Despite the steady performance increases of GPU instances in the cloud, “A lot of our customers are still trying to figure out how exactly do you incorporate machine learning into your applications,” Garman said. Among the initial uses of GPU clusters in the cloud is running machine learning training applications.
As more ML training and test shifted to the cloud, AWS rolled out its SageMaker machine learning and deep learning stack in 2017 designed to streamline a process that previously involved data preparation, selecting training algorithms, scaling to production and ultimately retraining the model.
The partners are touting their collaboration as a way to accelerate iteration of applications ranging from materials properties to drug discovery. Garman noted that AWS EC2 P3 servers running Nvidia’s V100 Tesla GPUs for HPC applications have reduced one startup’s drug design studies from two months to six hours.

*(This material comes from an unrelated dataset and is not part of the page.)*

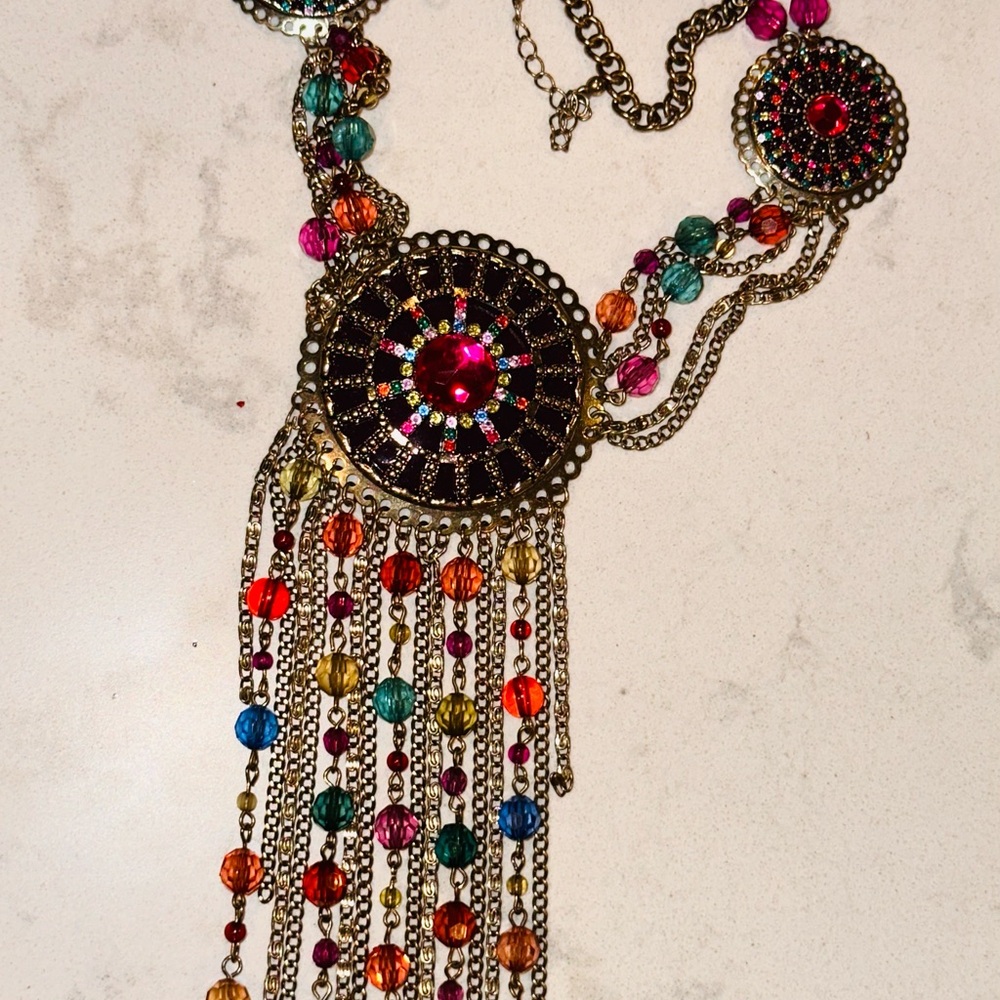 Multicolor Statement Necklace - image 3
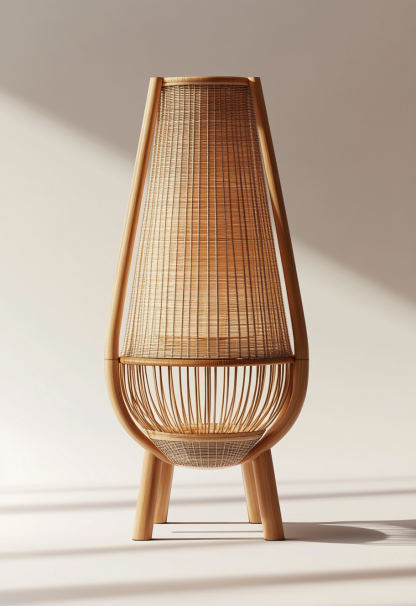 Wabi-sabi style rattan floor lamp, Japanese-style guesthouse bedside living room decorative lamp, atmosphere home study, balcony bedroom - Image 4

The value proposition of running AI in the cloud extends to freeing up the precious time of data scientists and machine learning specialists, Garman stressed.
The first cloud provider to the T4 punch was Google, which is currently offering beta access to the Turing GPUs on its cloud platform. The GPU is also available from system makers HPE, Dell EMC, Fujitsu, Cisco, Inspur, Lenovo, Sugon, as well as SuperMicro. IBM has said it intends to enable the Tesla T4 GPU accelerator on select Power9 servers.
Tiffany Trader contributed to this report.